Wasisto mengatakan setidaknya ada dua alasan yang bisa menjadi latar belakang serangan Fahri Hamzah kepada MPR. Pertama, kata dia, serangan tersebut merupakan cara Fahri memperkenalkan Partai Gelora kepada publik. Wasisto menyebut ini sebagai bentuk deklarasi Fahri yang menyatakan dirinya siap kembali menduduki kursi Senayan dengan partai yang baru ia bentuk tersebut.
“Fahri Hamzah ini kan elit politik yang terbuang dari radar panggung politik pasca ditendang dari wakil ketua DPR, bisa jadi ini sebagai upaya Fahri agar bisa kembali menjadi anggota legislatif,” ujar Wasisto saat dihubungi Tempo pada Kamis, 20 Januari 2022.
Alasan kedua, serangan Fahri kepada MPR adalah luka lama yang kembali terbuka. Wasisto menduga Fahri Hamzah mengalami post-war syndrome. Sebagaimana yang diketahui sebelumnya, Fahri Hamzah sempat berkonflik dengan partai lamanya, PKS, sewaktu masih menjadi wakil rakyat. Dari konflik tersebut, Fahri diberhentikan secara tidak hormat oleh petinggi MPR yang berasal dari fraksi PKS.

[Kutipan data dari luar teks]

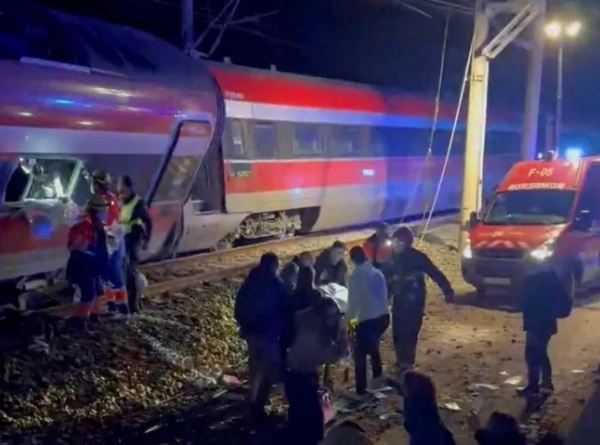 У неділю на півдні Іспанії швидкісний поїзд зійшов з рейок, вискочивши на колії в протилежному напрямку та зіткнувшись із зустрічним поїздом, повідомив іспанський залізничний оператор Adif. Служби екстреної допомоги повідомили, що внаслідок зіткнення п'ятеро людей загинули та 25 отримали серйозні травми. За даними Adif, вечірній поїзд між Малагою та Мадридом зійшов з рейок та зіткнувся з поїздом, що прямував з Мадрида до Уельви, ще одного міста на півдні Іспанії. Служби екстреної допомоги в Андалусії, провінції, де сталася аварія, повідомили про п'ятьох смертей та 25 осіб, які отримали важкі травми.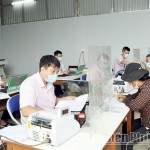 NHCSXH huyện Tủa Chùa thực hiện giao dịch tại xã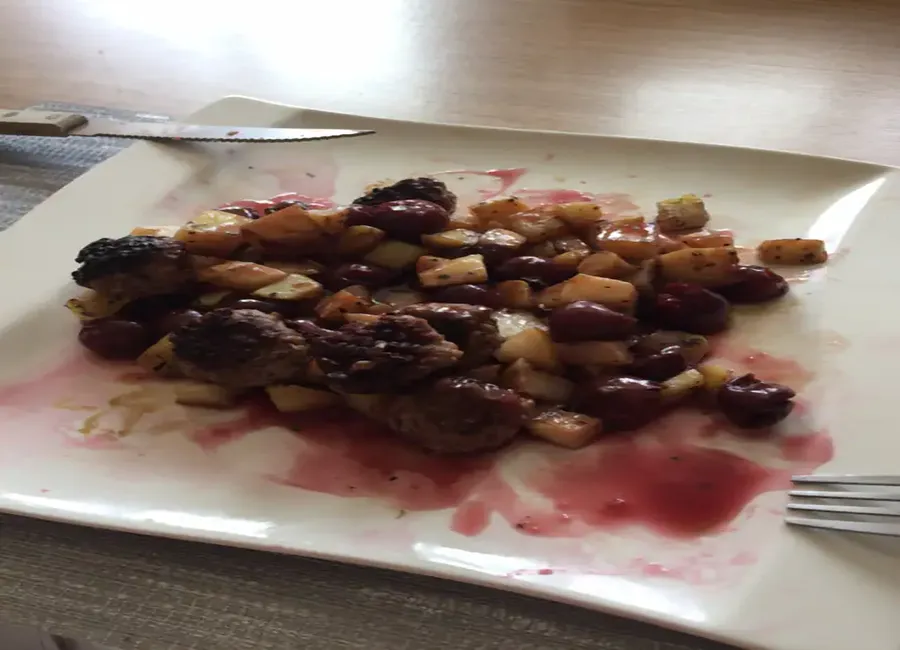 Boulettes aux cerises (plat médiéval)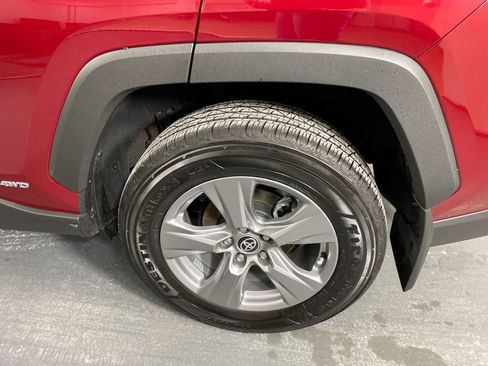 Certified 2024 Toyota RAV4 XLE image 30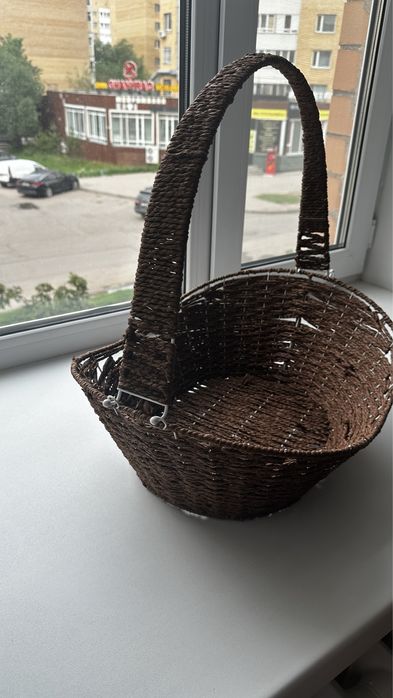 Продам корзину плетеную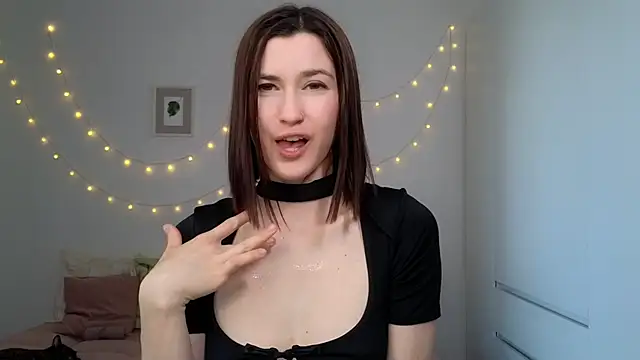 Snapshot of AliciaNewell chatting on 06/08/26, 12:06 AliciaNewell online show from 06/08/26, 12:06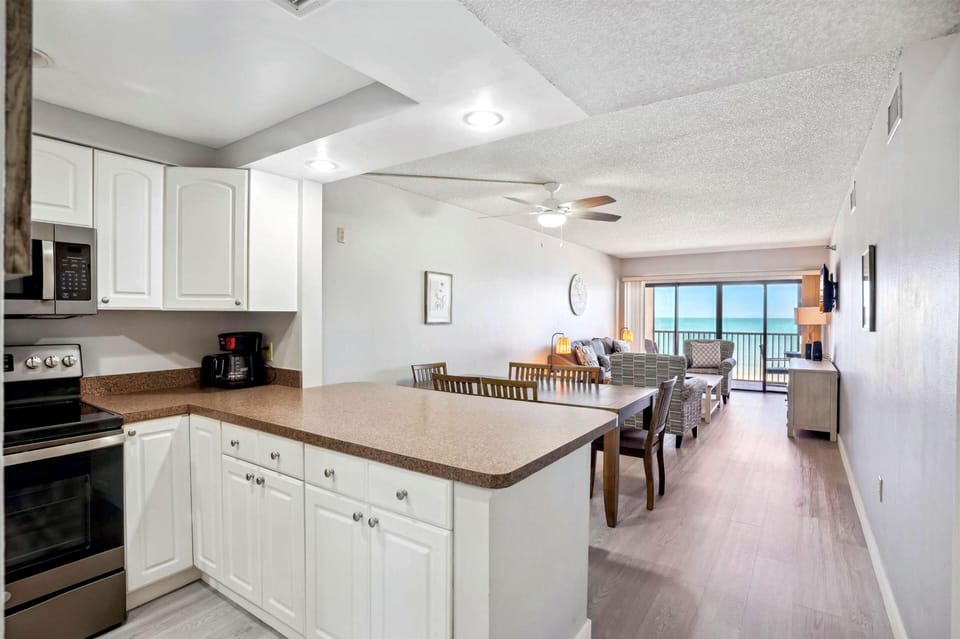 Condo, Multiple Beds (Villa Madeira 305) | Private kitchen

“Ini sepertinya ada luka lama yang tebuka kembali, jadi ia ingin semua tahu kalau Fahri masih bisa eksis dengan Partai Gelora,” kata Wasisto.
Wasisto juga menjelaskan pembubaran MPR bisa jadi masalah baru bagi sistem pemerintahan di Indonesia. Sebab, ia berkata, tanpa adanya MPR besar potensi terjadinya persaingan kekuasaan yang bersifat inkonstitusional antara legislatif dengan eksekutif.
“MPR ini kan sebetulnya adalah lembaga yang dimaksudkan menjadi penengah antara eksekutif dan legislatif. Sebab MPR sendiri disimbolkan sebagai lembaga pemegang kedaulatan kekuasaan tertinggi di negara ini,” ujar Wasisto.
Beberapa waktu lalu, Wakil Ketua Umum Partai Gelora, Fahri Hamzah, mengatakan sebaiknya MPR dibubarkan saja. Sabab, ia menilai, MPR saat ini tidak berjalan sebagaimana fungsi yang semestinya. Ia menyindir para anggota MPR lebih banyak menghabiskan waktu untuk urusan di luar pekerjaan mereka sebagai pejabat negara.
“Yang agak sibuk pimpinan MPR hanya mas Bambang saya lihat itu urus motor itu yang paling banyak hehe, jadi sebenarnya enggak ada itu kesibukan yang ditegakkan," ujar Fahri Hamzah beberapa waktu lalu.